L’origine delle specie

1.
Una sera Diogene di Sinope, il filosofo cinico, si masturbò in mezzo all’agorà di Atene, e qualcuno lo rimproverò.
– Ah, le pare brutto? E che ne direbbe se potesse saziare la sua fame sfregandosi la pancia con la mano?
Rispose, per farsi capire appieno. Non è possibile; la ricerca di modi per saziarla è stata causa di tante guerre, di tanti cambiamenti: una delle poche ragioni della storia.
Non riusciremo mai a sapere per certo come abbiamo cominciato, ma si azzardano alcune ipotesi. Faustino Cordón, nel libro Cocinar hizo al hombre, immagina che sia accaduto perché non siamo stati capaci di fare ciò che altri riuscivano a fare: quando i nostri antenati erano scimmie che si muovevano sugli alberi in cerca di germogli, foglie e qualche insetto putrido, alcune di loro impararono ad appendersi di piú e meglio ai rami. Quelle diedero origine alle grandi scimmie: animali che a poco a poco svilupparono braccia e torsi forti per passare di ramo in ramo, che si impadronirono di un territorio ambito e ne espulsero gli altri: i nostri antenati, incapaci, impotenti, dovettero scendere da quegli alberi e cercare di cavarsela a terra.

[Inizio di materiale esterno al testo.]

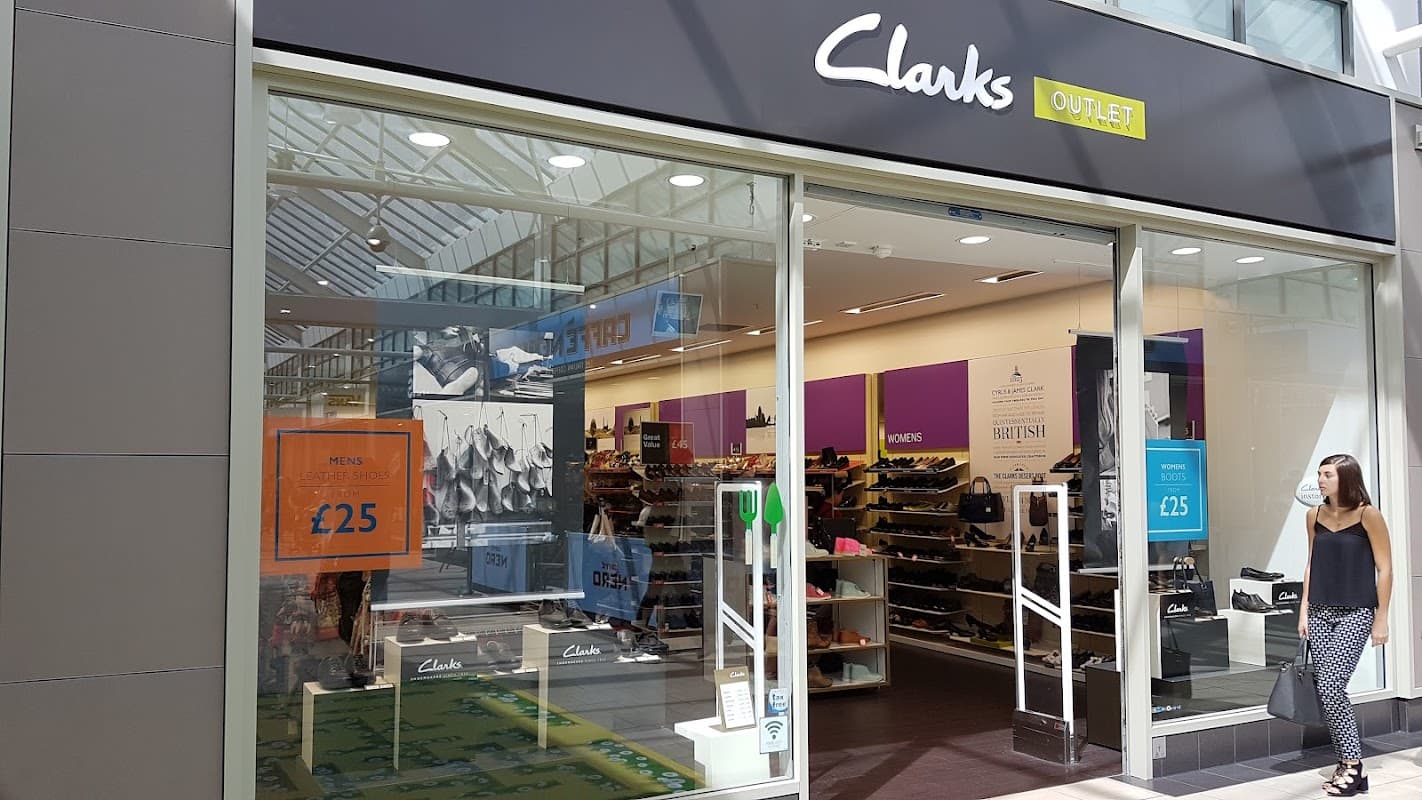 Clarks Outlet storefront with large sale signs, showcasing shoes and a bright, modern interior.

Con quella sconfitta, si dice, cominciò l’uomo.
Qualcuno dice che adesso – sovrappopolazione, cambiamenti climatici, esaurimento dei terreni e delle acque – stia arrivando «la guerra per il cibo». La guerra per il cibo è sempre esistita, e continua a esistere. Solo che, tra una battaglia e l’altra, ci sono momenti di calma relativa nei quali i vincitori hanno vinto talmente tanto che non devono piú lottare per continuare a godersi il trionfo.
Gli ominidi, ormai a terra, dovettero fare di necessità virtú: impararono a camminare meglio, svilupparono zampe piú forti e perfezionarono le braccia e le mani che non servivano piú per appendersi: poterono usarle per maneggiare strumenti primitivi, una pietra, un osso, un bastone. Questo fatto – questo processo – sarebbe durato milioni di anni. E avrebbe prodotto un paio di effetti decisivi: la posizione eretta, conseguenza del nuovo habitat, che permise agli ominidi di trasportare strumenti che non dovevano piú buttare via, come prima, per arrampicarsi sull’albero. E un maggiore senso della comunità perché, spaventati da un habitat nuovo, le scimmie dovettero prendersi cura le une delle altre e aiutarsi a vicenda. Da qui, anche, un’evoluzione progressiva delle loro modalità di comunicazione: i primi tentativi di un linguaggio.
Con gli strumenti, che avrebbero soppiantato l’evidente incapacità del corpo umano in tante cose – non siamo particolarmente forti, non saltiamo e non corriamo come altri, non abbiamo un’ottima vista né un ottimo olfatto né un ottimo udito, non abbiamo artigli né denti possenti –, i nostri antenati cominciarono a variare la loro alimentazione: con un certo tipo di bastoni potevano uccidere un certo tipo di animali, con altri bastoni scavare per cercare radici e tuberi, con le pietre rompere le ossa che trovavano per estrarre il midollo; i loro corpi cominciarono ad abituarsi ad altri cibi – che, a loro volta, si trasformarono.
Un’orda: animali che saltano e grugniscono intorno a un animale piú piccolo o piú debole o piú morto, contendendoselo, straziandolo, facendolo a pezzi per mangiarlo: le prime immagini della fame.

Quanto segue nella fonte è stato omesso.